Toronto-based hosting firm Q9 Networks Inc. may have to financially compensate some of its customers due to a router error last week that resulted in downtime.
A software error on one of the company’s routers occurred Wednesday
morning around 9:00 a.m., causing a cascading effect across the network. CEO Osama Arafat said that all of Q9’s data centres – the company operates centres in Toronto, Calgary and Brampton, Ont. – were affected by the problem which led to about an hour of downtime.
“There was a lot of details and it was a complex issue. There was basically various stages of the event that affected different customers,” said Arafat. “Routers, by definition, talk to each other, so that type of a problem is insidious.”
Arafat wouldn’t identify the company that made the faulty router software, nor would he say how many customers were affected, but some of them may be due for compensation.
Q9 provides service level agreements that guarantee 100 per cent uptime. “If we don’t achieve 100 per cent . . . that has financial penalties associated with it,” he said.
A Q9 customer, who asked not to be identified for the purposes of this story, said he realized there was a problem at about 9:20 a.m. “We noticed that we couldn’t connect to any of Q9’s internal sites (or) their control panel application. Their (main) site was down. There are a couple of other customers that we know that are hosted by Q9 and their sites seemed to be down as well,” he said.

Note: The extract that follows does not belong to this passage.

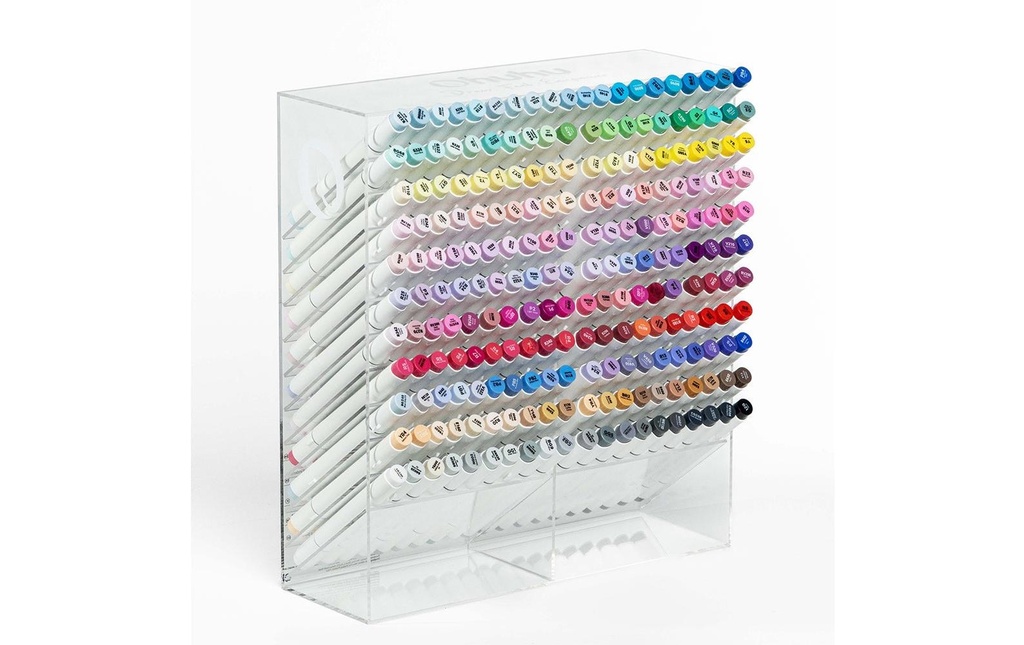 Ohuhu Pot à crayons 220 compartiments Transparent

The customer, who operates an e-business Web site, added that its unusual that a downtime event would be triggered during regular business hours. “I expect something like this to happen at 2:30 in the morning.”
Another customer, Toronto law firm Stikeman Elliott LLP, avoided downtime altogether by switching to a back-up provider. “We run a BGP router (Border Gateway Protocol) here for a situation like this,” said Venky Srinivasan, director of technology. A secondary backbone was able to take over, allowing the firm’s network to stay active.
Despite Q9’s 100 per cent uptime guarantee, Srinivasan felt it necessary to provide an extra fail-safe.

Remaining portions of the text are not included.